- _TASK GOAL_: Below this sentence is a listing; return exactly its lines from the one with "Alexandra House" to the one with "Falcon Dark Tortoise Sunglasses", both kept, and nothing more.

+++

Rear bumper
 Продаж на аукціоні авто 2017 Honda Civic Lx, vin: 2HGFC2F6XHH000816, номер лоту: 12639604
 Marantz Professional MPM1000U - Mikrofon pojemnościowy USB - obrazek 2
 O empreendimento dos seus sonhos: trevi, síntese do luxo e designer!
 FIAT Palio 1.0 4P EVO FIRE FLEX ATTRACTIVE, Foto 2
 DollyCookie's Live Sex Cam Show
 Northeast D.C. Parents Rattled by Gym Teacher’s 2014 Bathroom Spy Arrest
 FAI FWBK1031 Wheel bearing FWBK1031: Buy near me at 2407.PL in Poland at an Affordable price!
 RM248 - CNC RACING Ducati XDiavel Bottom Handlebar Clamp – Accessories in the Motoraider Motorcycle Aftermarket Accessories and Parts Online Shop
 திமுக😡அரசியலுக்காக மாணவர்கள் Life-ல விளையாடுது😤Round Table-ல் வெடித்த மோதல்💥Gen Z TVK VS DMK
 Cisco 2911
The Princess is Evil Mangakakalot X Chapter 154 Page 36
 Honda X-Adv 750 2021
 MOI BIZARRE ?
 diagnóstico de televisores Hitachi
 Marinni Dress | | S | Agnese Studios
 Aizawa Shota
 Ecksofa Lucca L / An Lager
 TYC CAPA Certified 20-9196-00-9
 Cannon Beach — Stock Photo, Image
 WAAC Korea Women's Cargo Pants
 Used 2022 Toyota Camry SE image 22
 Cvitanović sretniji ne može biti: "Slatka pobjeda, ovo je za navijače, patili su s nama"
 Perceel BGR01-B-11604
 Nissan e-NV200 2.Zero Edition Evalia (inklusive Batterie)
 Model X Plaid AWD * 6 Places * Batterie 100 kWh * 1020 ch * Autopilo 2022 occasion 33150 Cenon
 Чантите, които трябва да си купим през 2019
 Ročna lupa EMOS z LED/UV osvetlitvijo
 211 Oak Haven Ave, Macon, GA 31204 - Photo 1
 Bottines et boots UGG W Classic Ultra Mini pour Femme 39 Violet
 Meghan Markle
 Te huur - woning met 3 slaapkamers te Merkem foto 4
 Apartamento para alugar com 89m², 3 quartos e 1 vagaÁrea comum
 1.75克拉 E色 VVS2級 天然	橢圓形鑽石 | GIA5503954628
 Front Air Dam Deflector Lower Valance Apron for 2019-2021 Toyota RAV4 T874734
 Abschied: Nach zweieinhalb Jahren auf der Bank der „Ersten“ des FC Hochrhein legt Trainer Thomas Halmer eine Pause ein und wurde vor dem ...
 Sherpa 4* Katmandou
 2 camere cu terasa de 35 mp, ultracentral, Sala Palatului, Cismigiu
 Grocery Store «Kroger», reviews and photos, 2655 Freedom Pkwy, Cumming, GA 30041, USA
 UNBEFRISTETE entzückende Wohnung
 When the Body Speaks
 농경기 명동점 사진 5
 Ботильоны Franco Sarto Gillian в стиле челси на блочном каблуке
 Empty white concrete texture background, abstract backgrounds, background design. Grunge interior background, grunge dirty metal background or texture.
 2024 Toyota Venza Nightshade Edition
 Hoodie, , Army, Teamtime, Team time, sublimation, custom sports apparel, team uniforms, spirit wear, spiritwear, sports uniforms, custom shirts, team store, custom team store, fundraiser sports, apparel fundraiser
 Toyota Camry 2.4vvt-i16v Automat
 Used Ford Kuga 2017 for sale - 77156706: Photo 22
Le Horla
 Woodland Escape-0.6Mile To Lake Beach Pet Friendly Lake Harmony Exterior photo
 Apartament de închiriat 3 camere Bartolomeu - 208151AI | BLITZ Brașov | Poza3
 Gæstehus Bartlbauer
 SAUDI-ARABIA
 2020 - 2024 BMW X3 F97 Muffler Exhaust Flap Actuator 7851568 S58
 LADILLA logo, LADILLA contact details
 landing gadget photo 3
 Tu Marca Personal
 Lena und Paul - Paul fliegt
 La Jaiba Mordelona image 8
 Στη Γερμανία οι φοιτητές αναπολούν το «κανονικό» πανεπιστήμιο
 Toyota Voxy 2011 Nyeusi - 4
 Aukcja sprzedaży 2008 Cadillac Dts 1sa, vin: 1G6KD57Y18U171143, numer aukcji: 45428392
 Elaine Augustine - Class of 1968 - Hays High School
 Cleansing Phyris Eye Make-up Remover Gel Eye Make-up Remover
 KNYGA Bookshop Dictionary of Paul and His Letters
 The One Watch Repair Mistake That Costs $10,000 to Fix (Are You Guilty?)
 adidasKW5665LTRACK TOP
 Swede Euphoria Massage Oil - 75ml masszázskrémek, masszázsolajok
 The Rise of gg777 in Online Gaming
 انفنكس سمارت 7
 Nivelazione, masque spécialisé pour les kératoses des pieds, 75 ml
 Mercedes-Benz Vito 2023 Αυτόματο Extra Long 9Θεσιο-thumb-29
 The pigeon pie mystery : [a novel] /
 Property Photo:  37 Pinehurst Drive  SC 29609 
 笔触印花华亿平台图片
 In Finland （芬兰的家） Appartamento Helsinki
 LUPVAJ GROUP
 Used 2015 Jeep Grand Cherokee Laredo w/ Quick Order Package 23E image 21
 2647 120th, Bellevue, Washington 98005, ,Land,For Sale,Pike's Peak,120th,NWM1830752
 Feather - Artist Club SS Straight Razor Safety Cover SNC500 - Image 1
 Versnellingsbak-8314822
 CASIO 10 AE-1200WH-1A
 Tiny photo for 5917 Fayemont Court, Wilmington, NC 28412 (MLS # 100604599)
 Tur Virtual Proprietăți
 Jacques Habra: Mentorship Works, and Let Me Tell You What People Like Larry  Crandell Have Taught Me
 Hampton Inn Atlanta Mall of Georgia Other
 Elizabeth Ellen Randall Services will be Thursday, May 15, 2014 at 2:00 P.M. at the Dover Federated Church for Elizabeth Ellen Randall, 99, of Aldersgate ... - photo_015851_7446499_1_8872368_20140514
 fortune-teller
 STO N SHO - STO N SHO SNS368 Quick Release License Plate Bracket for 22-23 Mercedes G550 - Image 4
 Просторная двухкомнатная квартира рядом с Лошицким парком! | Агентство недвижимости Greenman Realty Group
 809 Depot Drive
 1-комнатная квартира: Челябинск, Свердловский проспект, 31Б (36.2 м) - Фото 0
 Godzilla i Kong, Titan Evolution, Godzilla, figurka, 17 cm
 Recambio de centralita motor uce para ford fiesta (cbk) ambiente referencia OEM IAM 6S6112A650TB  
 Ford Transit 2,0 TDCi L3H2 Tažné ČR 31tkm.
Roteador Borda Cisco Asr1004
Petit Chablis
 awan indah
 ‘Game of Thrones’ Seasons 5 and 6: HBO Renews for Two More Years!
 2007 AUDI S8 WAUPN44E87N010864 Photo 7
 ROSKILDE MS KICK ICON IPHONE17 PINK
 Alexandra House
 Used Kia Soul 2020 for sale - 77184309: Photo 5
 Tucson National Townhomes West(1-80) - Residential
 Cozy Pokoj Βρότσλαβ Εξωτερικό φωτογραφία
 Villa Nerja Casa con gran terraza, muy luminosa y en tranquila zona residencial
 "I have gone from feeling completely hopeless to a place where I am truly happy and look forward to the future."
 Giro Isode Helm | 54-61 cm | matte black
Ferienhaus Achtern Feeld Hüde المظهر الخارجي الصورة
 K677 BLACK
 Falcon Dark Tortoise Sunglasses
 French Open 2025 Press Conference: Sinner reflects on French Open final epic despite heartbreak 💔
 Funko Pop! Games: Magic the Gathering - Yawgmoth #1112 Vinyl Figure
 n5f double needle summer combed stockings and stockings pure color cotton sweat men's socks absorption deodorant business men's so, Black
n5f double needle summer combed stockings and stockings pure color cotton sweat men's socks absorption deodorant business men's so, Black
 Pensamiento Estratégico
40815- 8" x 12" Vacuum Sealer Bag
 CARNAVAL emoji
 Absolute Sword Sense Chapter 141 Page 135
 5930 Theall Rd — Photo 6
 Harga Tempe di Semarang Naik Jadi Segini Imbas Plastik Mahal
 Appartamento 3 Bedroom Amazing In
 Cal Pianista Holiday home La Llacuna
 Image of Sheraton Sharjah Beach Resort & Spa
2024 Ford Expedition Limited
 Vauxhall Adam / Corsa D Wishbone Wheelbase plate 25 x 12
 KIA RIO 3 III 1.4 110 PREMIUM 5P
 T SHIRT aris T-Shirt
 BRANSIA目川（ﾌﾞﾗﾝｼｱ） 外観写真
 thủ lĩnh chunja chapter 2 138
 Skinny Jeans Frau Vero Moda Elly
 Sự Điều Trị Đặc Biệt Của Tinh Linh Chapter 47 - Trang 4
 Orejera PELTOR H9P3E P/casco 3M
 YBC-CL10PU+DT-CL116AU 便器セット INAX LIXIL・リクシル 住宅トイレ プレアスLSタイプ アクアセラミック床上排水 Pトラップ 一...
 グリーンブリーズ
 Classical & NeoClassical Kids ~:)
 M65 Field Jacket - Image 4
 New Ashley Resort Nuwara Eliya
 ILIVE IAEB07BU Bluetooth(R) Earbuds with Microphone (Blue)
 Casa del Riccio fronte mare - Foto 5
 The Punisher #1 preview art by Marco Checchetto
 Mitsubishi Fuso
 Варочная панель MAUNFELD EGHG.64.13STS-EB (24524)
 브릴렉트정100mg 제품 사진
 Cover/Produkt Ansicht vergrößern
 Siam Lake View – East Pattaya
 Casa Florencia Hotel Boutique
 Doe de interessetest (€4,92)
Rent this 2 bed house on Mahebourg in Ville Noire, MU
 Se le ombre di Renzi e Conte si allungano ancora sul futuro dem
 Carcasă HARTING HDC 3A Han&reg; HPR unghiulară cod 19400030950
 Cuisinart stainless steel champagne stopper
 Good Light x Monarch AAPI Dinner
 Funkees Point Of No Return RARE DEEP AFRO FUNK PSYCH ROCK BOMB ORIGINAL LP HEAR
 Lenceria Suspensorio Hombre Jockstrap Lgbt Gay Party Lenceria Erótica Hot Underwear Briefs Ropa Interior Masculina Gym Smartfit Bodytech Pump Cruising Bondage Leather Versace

+++

- _WRITTEN ANSWER_:
 Alexandra House
 Used Kia Soul 2020 for sale - 77184309: Photo 5
 Tucson National Townhomes West(1-80) - Residential
 Cozy Pokoj Βρότσλαβ Εξωτερικό φωτογραφία
 Villa Nerja Casa con gran terraza, muy luminosa y en tranquila zona residencial
 "I have gone from feeling completely hopeless to a place where I am truly happy and look forward to the future."
 Giro Isode Helm | 54-61 cm | matte black
Ferienhaus Achtern Feeld Hüde المظهر الخارجي الصورة
 K677 BLACK
 Falcon Dark Tortoise Sunglasses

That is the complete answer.